I have been on this great stretch of epiphanies and realizations. To some, some of these may seem obvious, but to me it wasn't always so.
The universe has placed me exactly where I am supposed to be right now at this moment - Whatever I am doing, wherever I am, the place that I at is the sum total of every decision that I have ever made. Realizing this simple truth has allowed me to focus more fully on the moment (mindfulness). Recognizing that I may not be where I want to be, forces me to focus on making the right decisions today so that my next stop is where I want to be.

The universe gives us exactly what we need - the pain we feel is when we refuse to accept that. I realize now that I was unhappy in my marriage. I would have continued down that path until the day that I died, but the universe gave me exactly what I need. The pain I felt was in my rejection of the gift from the universe. 
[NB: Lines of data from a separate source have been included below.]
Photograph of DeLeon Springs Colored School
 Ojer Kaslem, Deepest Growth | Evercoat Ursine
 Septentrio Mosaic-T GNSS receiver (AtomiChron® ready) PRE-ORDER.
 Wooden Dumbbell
Most times, our rejection of the gifts from the universe are rooted in our acceptance of and incorporation into our lives of other peoples expectations. We are raised to be certain ways, society expects certain things, religion demands certain behaviors, our roles (father/mother, sister/brother, husband/wife, worker/boss, son/daughter etc) all come with certain expectations. The sum of all of the expectations of others upon ourselves, dominate our thinking and actions. Often times, these are to our benefit, yet sometimes, not so much. Thus the pain.

By letting go of the expectations of others you really free yourself to accept the gifts (opportunities and lessons) that the universe is offering

It is up to each of us to forge our way in life, on our terms


----------